Again, out of caution, HCI applied for such an opinion from the authorities. There are time limits for them to provide such an opinion and we were months ahead of the date required. To our utter amazement, having extended the maximum period allowed for a decision, they said we could not rely on previous approvals as we had taken too long to implement them, and the manner in which we were acquiring a majority share in Tsogo was different from that previously contemplated by the authorities.
There were no time limits attached to the previous approvals, nor were any limits placed on how we might achieve our majority stake.
We applied to the tribunal for relief, but without success and ultimately were driven to the Competition Appeal Court for a ruling that, in effect, says once the authorities have approved a merger, one is free to implement it without haste in one’s own good time and in the most efficient manner one chooses, without having to revert to the authorities on the detail.
Their responsibility was to decide whether there was any reason HCI should not take control of the assets involved.
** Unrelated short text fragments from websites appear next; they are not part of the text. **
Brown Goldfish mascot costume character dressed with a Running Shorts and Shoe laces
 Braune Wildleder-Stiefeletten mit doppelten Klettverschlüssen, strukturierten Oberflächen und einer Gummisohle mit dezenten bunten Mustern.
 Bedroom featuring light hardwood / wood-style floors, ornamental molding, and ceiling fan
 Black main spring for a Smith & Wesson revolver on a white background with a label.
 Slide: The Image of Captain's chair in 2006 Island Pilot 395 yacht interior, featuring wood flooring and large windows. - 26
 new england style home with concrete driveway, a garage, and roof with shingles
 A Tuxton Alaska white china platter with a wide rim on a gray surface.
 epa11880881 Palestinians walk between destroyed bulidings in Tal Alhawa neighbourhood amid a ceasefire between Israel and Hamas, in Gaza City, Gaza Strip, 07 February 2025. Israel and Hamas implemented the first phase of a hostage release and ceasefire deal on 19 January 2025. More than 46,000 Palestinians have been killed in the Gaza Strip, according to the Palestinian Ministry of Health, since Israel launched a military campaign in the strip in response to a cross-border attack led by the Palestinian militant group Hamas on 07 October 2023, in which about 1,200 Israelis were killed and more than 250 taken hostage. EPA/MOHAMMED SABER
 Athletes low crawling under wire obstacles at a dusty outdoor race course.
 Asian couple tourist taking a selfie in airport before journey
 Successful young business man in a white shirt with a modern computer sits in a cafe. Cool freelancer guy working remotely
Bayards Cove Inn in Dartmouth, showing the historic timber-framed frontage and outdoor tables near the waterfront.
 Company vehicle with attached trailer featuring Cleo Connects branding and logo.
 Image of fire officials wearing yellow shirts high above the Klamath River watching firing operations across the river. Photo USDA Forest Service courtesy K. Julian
If they had ruled there was no problem, the authorities would not get the right to reverse their previous approval. What floodgates is Crotty talking about? This has nothing to do with defiance on our part. It simply is to do with the fact that we are entitled to implement our merger at this stage and are not obliged to jump through more hoops.
In all fairness I say we jumped through a lot of hoops to do a fairly simple transaction, spending millions of rand and providing months and months of work for an army of professional and regulatory personnel. It has taken a full year to implement. This is certainly no example of it being easy to do business in SA!
Given the judgment, I would hope Crotty and the publications she writes for might wish us well with a transaction supported by a huge majority of the shareholders of both companies and having zero effect on competition, instead of whining on behalf of nobody in particular.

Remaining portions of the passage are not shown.